Award-winning actress and writer Amy Schumer raises her skirt to political correctness and gleefully flashes sexual inequality with this potty-mouthed comedy that is far from the debacle promised by the title.

Directed at a lick by Judd Apatow, who temporarily lost his mojo after Knocked Up in 2007, Trainwreck is a hilarious and heart-warming portrait of modern womanhood.

Throughout the uproarious two hours, Schumer is the butt of her own expertly targeted jokes, and she generously shares sparkling one-liners around the excellent ensemble cast. In particular, she creates a hysterical supporting role for Oscar-winning British actress Tilda Swinton, as a monstrous magazine editor, who demands gung-ho headline-grabbing titillation, not gently worded, sentimental froth.

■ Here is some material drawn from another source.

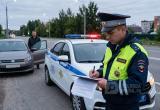 Фото сгенерировано с помощью ИИ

There’s a thin glaze of sweetness to pivotal moments between female characters in Schumer’s script and an emotionally raw scene at a funeral deftly tugs the heartstrings.

Yet, for its adherence to rom-com tropes, Trainwreck is laced with sufficient biting wit and self-effacement to drink The Hangover and its crude imitators under the table, and seal victory with a rousing belch. At nine years old, Amy Townsend (Amy Schumer) learns a most valuable lesson about human relationships from her embittered father (Colin Quinn).

“Monogamy isn’t realistic,” he tells Amy and her little sister Kim, encouraging the girls to chant this as a mantra.

Twenty-three years later, Amy has taken those words to her booze-soaked heart.

Schumer instantly endears us to her self-destructive 30-something, who has to hit rock bottom before she can begin the slow, painful ascent back to healthy self-respect.